> [ENTRIES PROVIDED]

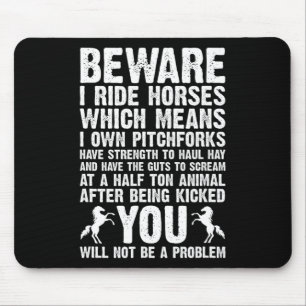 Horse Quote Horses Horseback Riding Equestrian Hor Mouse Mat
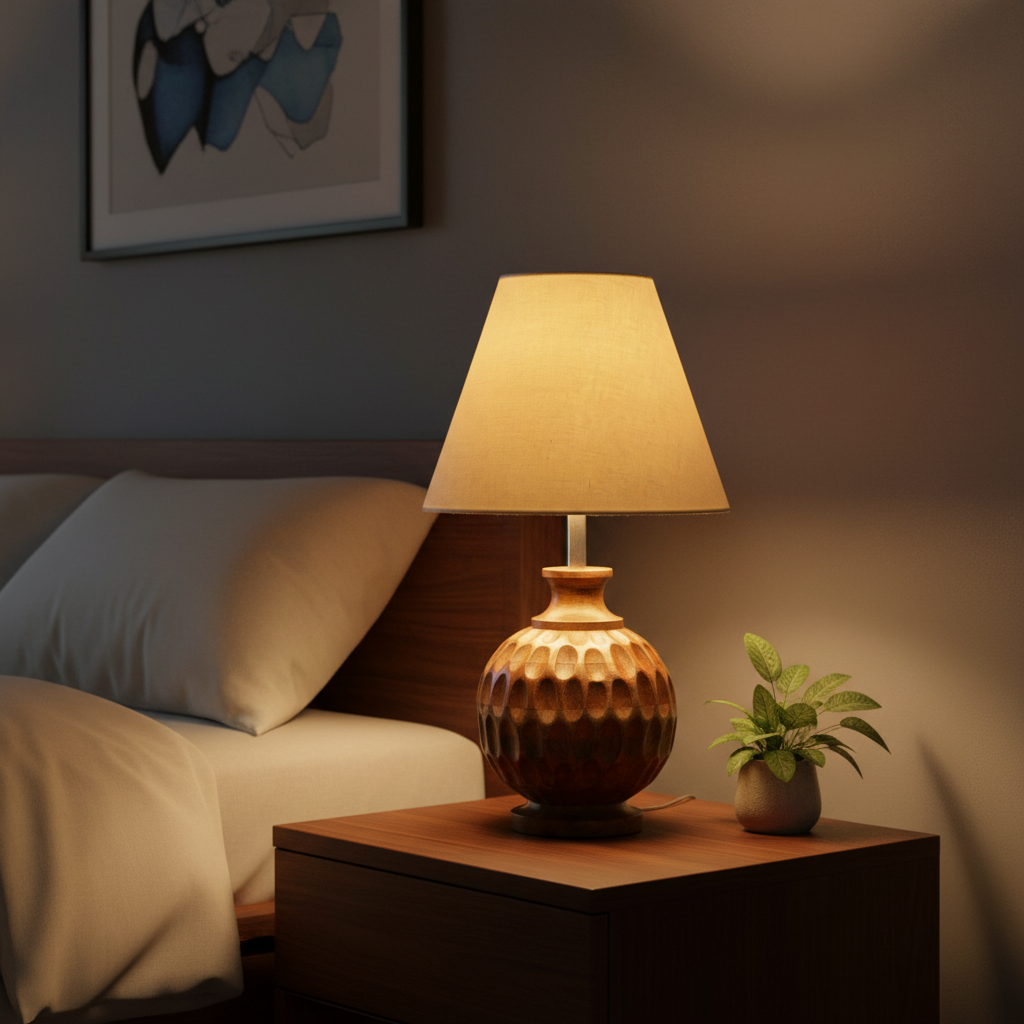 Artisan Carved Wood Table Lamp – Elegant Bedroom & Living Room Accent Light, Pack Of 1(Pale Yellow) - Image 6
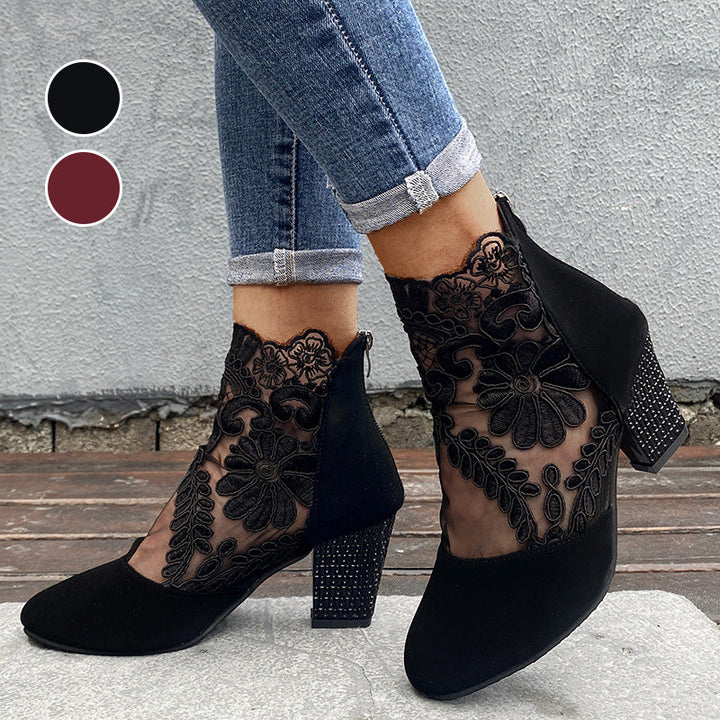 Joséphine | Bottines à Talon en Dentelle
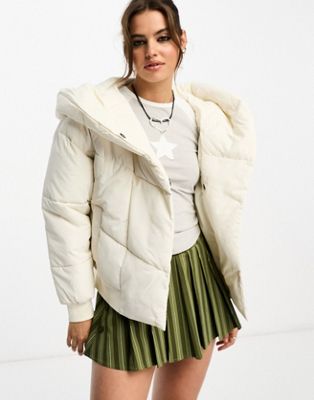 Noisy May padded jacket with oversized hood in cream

...

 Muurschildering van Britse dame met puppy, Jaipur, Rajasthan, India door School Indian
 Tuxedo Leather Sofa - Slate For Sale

> [WHAT THIS TASK INVOLVES] Your output should be the lines above from the one that contains "Joséphine | Bottines à Talon en Dentelle" through the one that contains "Noisy May padded", word for word, with pictures left out.

> [ANSWER TO THIS EXERCISE]
 Joséphine | Bottines à Talon en Dentelle
 Noisy May padded jacket with oversized hood in cream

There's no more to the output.